Nutritional Significance of Cross-Link Formation During Food Processing

  • Richard F. Hurrell
  • Kenneth J. Carpenter
Part of the Advances in Experimental Medicine and Biology book series (AEMB, volume 86)

Abstract

When proteins are severely heated, in the presence or absence of sugars, the fall in nutritional value appears to be largely, although not completely, explained by reduced protein digestibility. All amino acids are considerably reduced in availability; which is in contrast to early Maillard damage which occurs under mild conditions of heating or storage in the presence of reducing sugars and affects mainly lysine. It seems that cross-linkages are formed in the severely heated protein or protein-sugar mixes and that these reduce the rate of protein digestion.

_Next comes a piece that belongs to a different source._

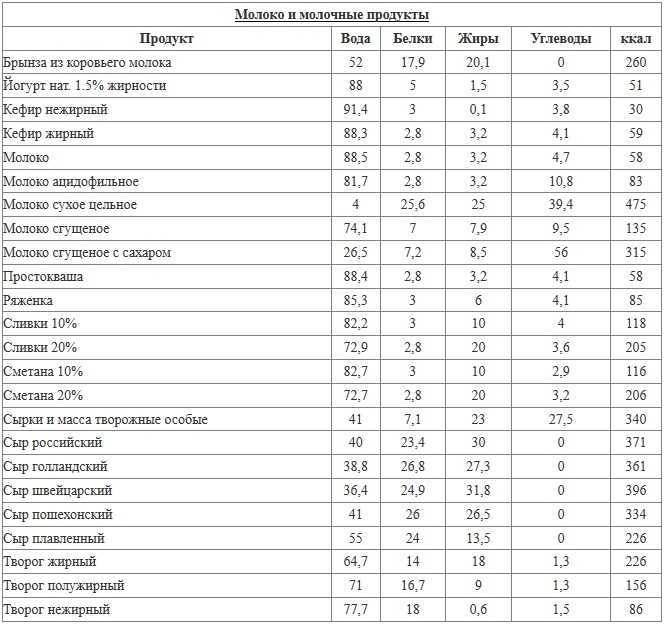 Таблица калорийности овощей и фруктов по убыванию, полный список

When freeze-dried chicken muscle (15/ H2O content) was severely heated its protein showed a great fall in digestibility but its value for supporting growth in the rat had fallen even more. Aspartyl-lysine and glutamyl-lysine cross-linkages, which had been formed during heating, appeared to be as digestible as the total N component and it seems that once they are released from the protein chain they can be absorbed and utilized.

Keywords

Maillard Reaction Sulphur Amino Acid Heat Damage Chicken Muscle Nutritional Significance 
These keywords were added by machine and not by the authors. This process is experimental and the keywords may be updated as the learning algorithm improves.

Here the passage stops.